Total pay for employees in the UK, including bonuses, grew by 1.9% in real terms during the period between June to August 2018 and June to August 2019, according to research by the Office for National Statistics (ONS).

The Average weekly earnings in Great Britain: October 2019 report also found that regular pay, which excludes bonus payments, increased by 2% during the same reporting period.

The annual growth in average weekly earnings for UK employees was 3.8% for both total pay, inclusive of bonus payments, and regular pay, which does not take into account bonus awards.

Average regular pay for employees in Great Britain, before tax and other deductions from pay, was £509 a week in nominal terms in August 2019. In real terms, UK employees received average regular wage of £472 per week for August 2019, compared to £462 a year earlier.

Total pay for staff in Great Britain was £502 a week in August 2019, before tax and other deductions; this compares to £525 in February 2008.

Between June to August 2018 and June to August 2019, annual total pay in the public sector grew by 3.5%; this is a decline from the 4% growth rate recorded two months earlier.
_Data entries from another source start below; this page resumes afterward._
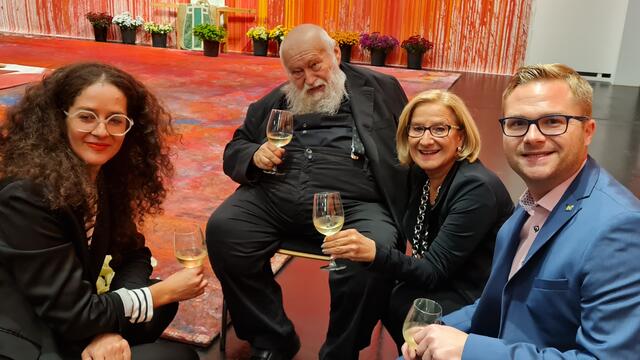 Hermann Nitsch im Gespräch mit Judith Weissenböck, Johanna Mikl-Leitner und Erich Stubenvoll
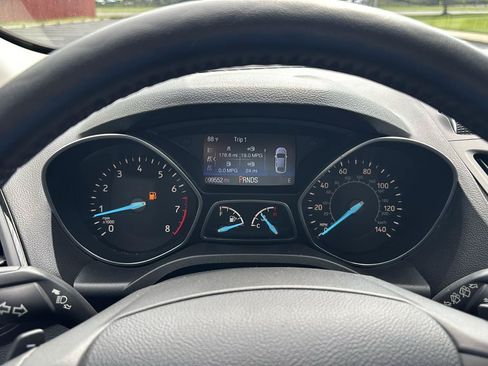 Used 2017 Ford Escape Titanium w/ Equipment Group 301A FWD image 18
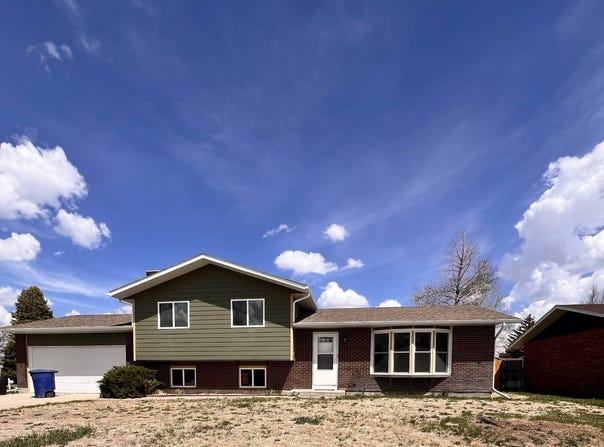2039 Niobrara Ave, Alliance, NE 69301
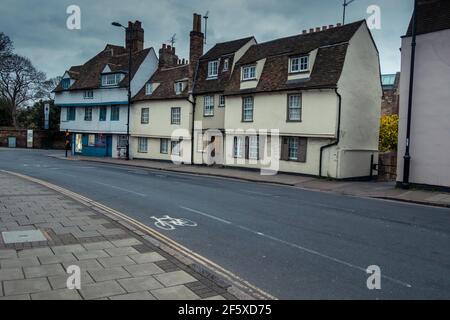 Rangée de vieilles cottages dans Northampton Street Cambridge Angleterre Banque D'Images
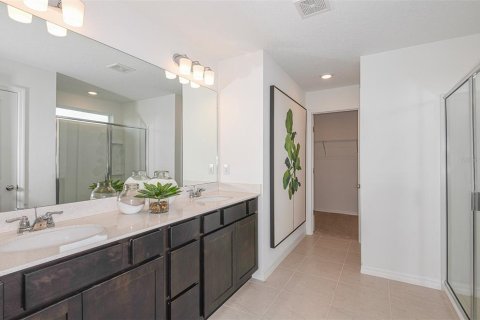 House in Parrish, Florida 5 bedrooms, 242.94 sq.m. № 2210428 - photo 10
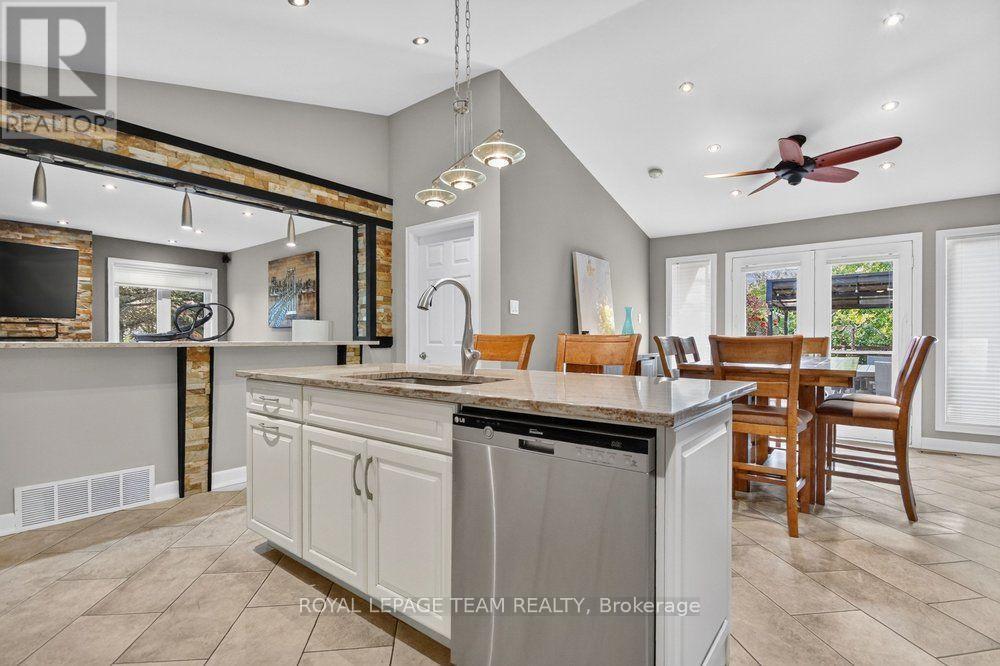 5668 Mahogany Lane, Ottawa, ON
The ONS stated that this was likely influenced by the timing of NHS pay rises, as well as one-off payments made to some NHS staff.

Average pay growth for employees working within the construction sector was reported as 5.5% between June to August 2018 and June to August 2019 for both total pay and regular pay. This compares to 2.7% total and 2.5% regular pay growth rates for the manufacturing industry.

Jon Boys, labour market economist at the Chartered Institute for Personnel and Development (CIPD), said: “[These] statistics will certainly prompt more speculation that the labour market has reached its high-water mark.

“Employment numbers may be down on the last period, but it’s worth repeating that they remain just below record levels.

“Earnings growth [has] also dipped this month, yet it’s continuing to beat inflation across a broad spectrum of industries. The labour market is still in good health.”